RECONSTRUCTION
by Kurihara Sadako
Gordon W. Prange Collection, University of Maryland Libraries
Site Ed. note: This poem was written in January 1946 and appeared three months later in the inaugural issue of Chūgoku bunka (a special issue on the atomic bomb), March 1946. In August, American censors passed it for publication in the anthology, Kuroi tamago (Black Eggs).
Insides hollow, windows blown out in the blast,
Mouths gaping idiotically.
the great buildings are like people done in
by the tragedy of the century.
Their trunks a forlorn row, the black trees
that survived the flames
sing a weird song of death,
and the rubble still holds horror and the stench of death.
To this city—
has time passed so quickly?—
those who fled that day’s horrible hell
to villages in the hills return,
recovered in body if not in soul,
and build small huts.
With child, spouse mother dead
who needs a large house?
In the small shacks
the survivors call constantly, “come closer,”

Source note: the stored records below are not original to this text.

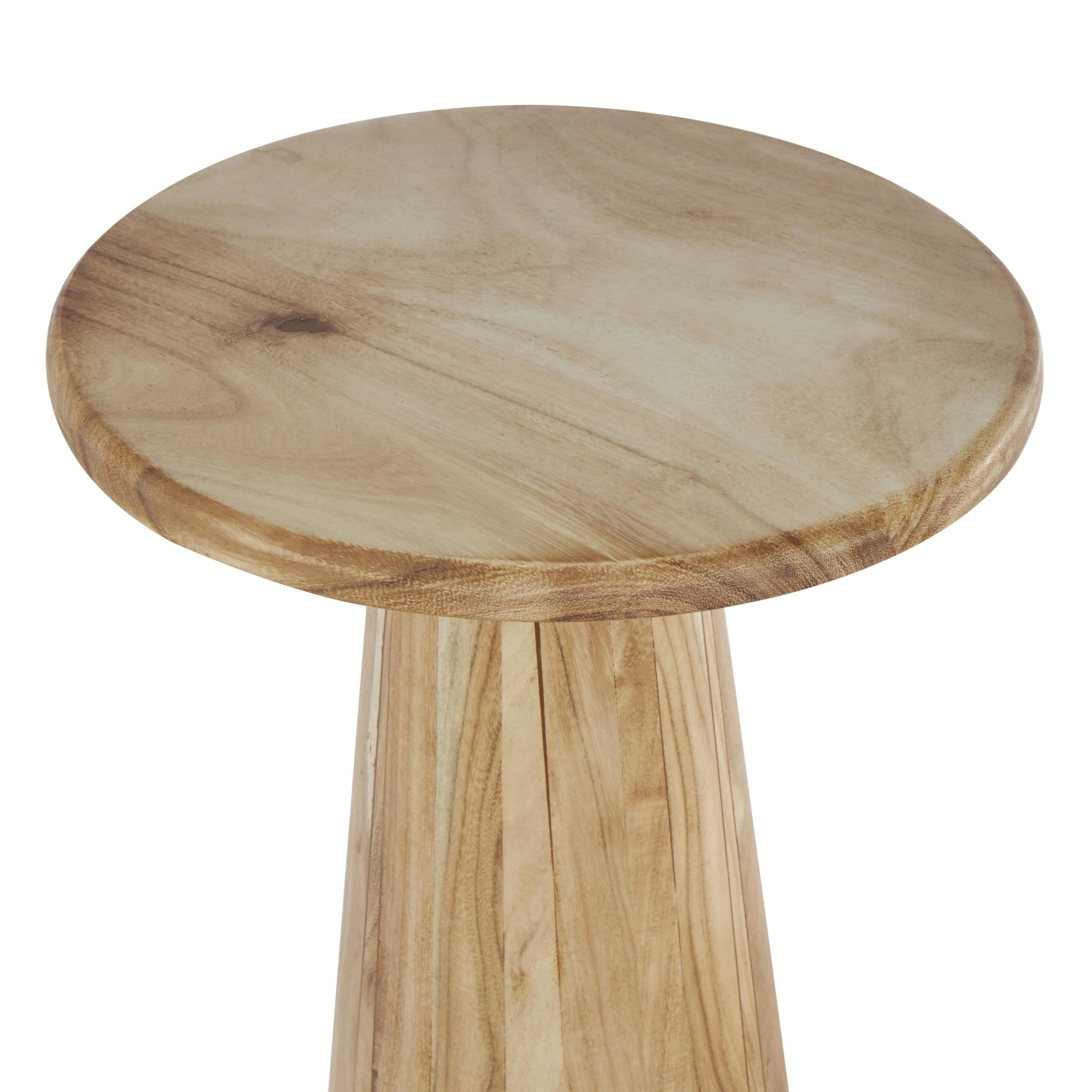 DecMode 20" x 24" Light Brown Wood Accent Table with Natural Wood Grains and Cone Shaped Bases, 3-Pieces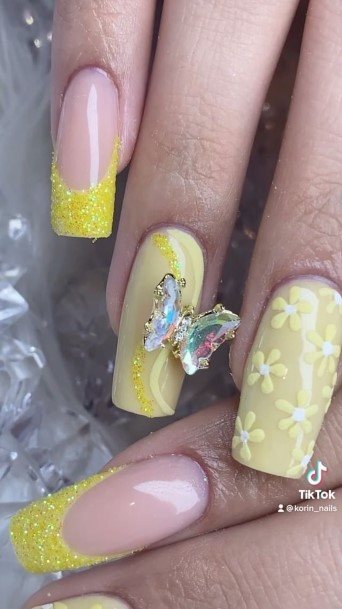 Girly Yellow With Diamonds Nails Ideas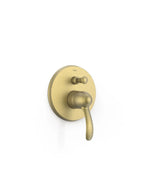 Grifo monomando dos vías para bañera y ducha con inversor y acabado latón viejo mate Tres Clasic Tres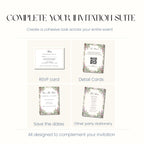 Garden Wedding Invitation, Floral Wedding Invite, Personalised Digital Invitation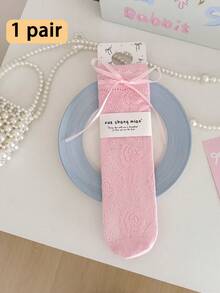 1双女士小腿袜（无硬纸板），薄款芭蕾舞风格交叉蝴蝶结小腿袜，适合春夏穿着，可搭配裙子等多种服饰。 - 彩色 - 查看 15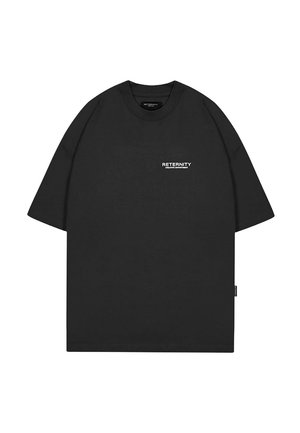 Schwarzes übergroßes T-Shirt aus Baumwolle mit kurzen Ärmeln und Rundhalsausschnitt. Auf der Vorderseite steht "RETENRITY" in weißer Schrift.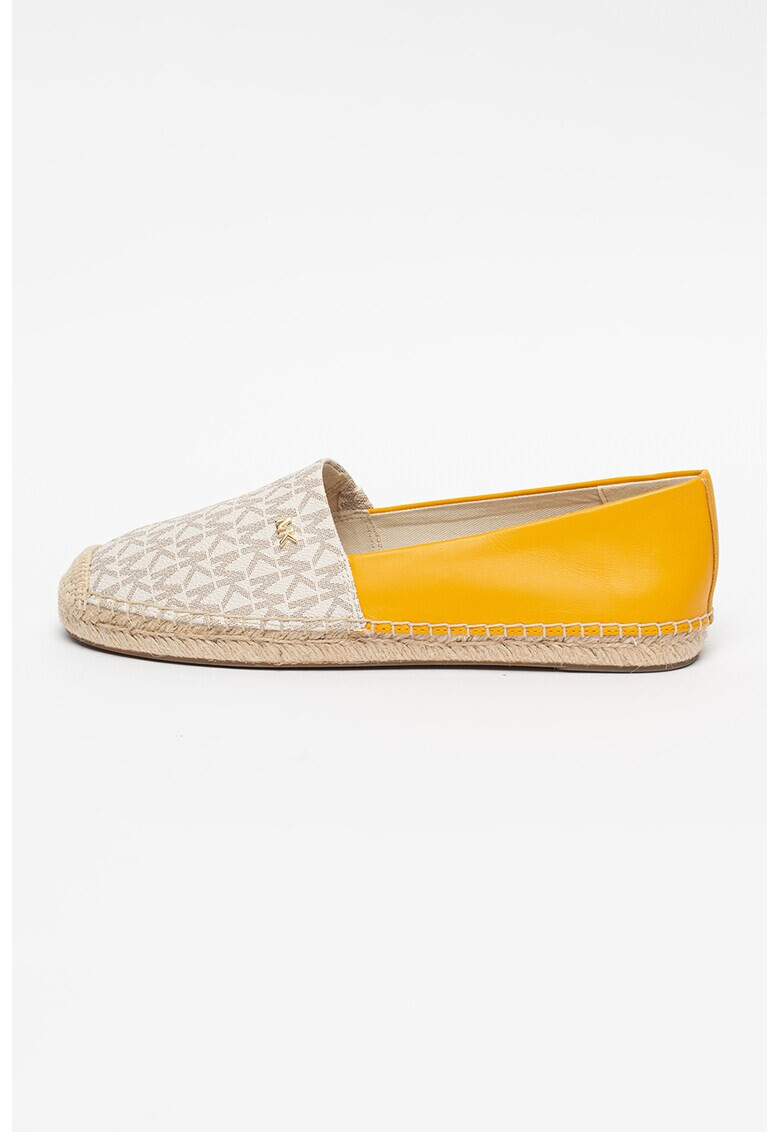 Michael Kors Espadrile de piele si panza cu model colorblock Kendrick - Pled.ro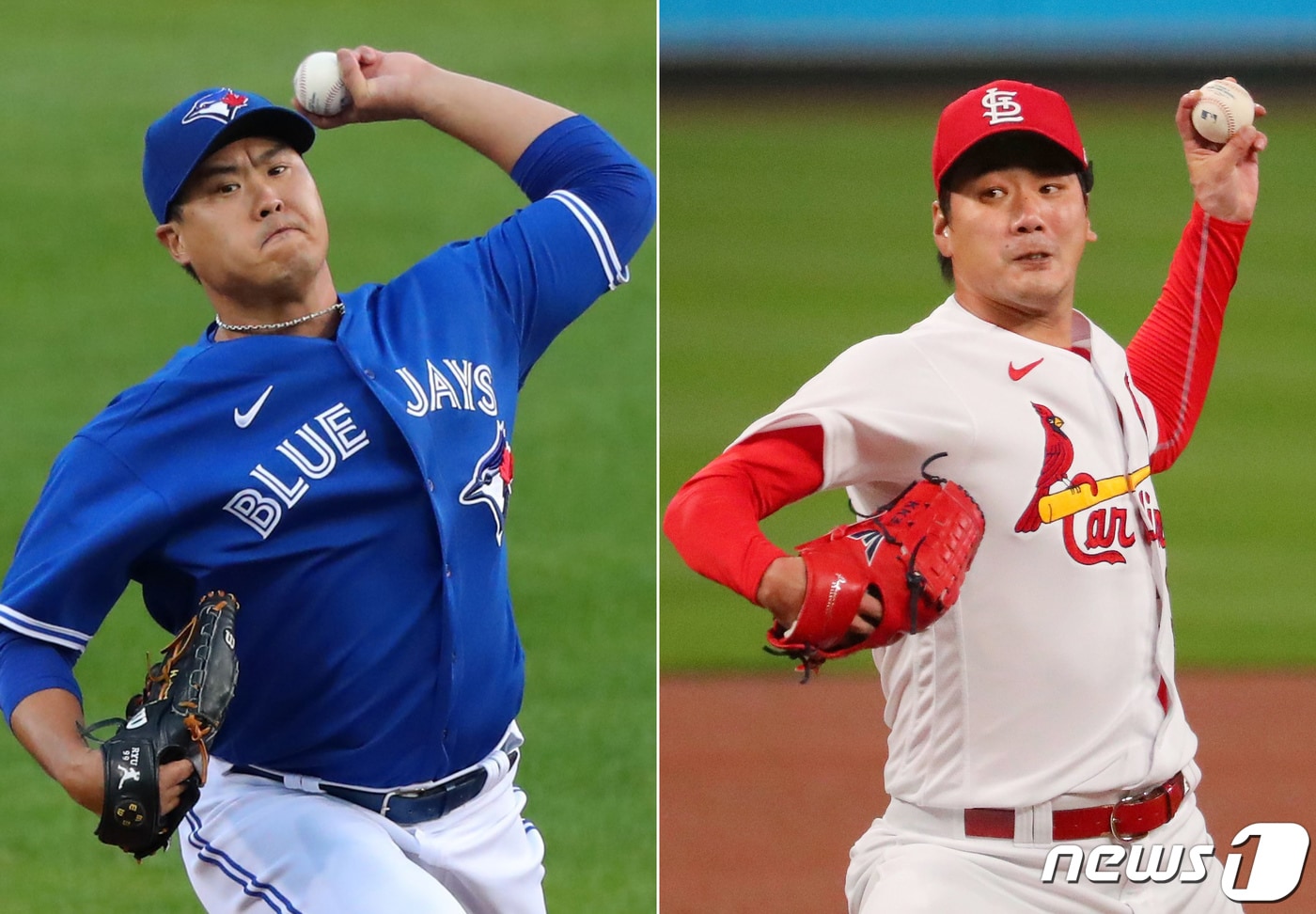 ‘코리안 몬스터’ 류현진(왼쪽, 32·토론토 블루제이스)과 'KK' 김광현(32·세인트루이스 카디널스)이 포스트시즌 등판을 앞두고 있다.ⓒ AFP=뉴스1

keep each other warm, and carry on.
Day by day, the shacks grow in number, and land
thought barren—
it too is leveled nicely and soon green with vegetables.
Here and there even now people raise small ridgepoles
and build houses.
The houses are crude, like those the first humans built
in the virgin forest,
but these people show even more resolute strength
than the first humans.
.........................
Reference
Kurihara Sadako. Black Eggs: Poems. Trans. Richard H. Minear. Ann Arbor, Michigan: University of Michigan, Center for Japanese Studies, 1994, 71-72.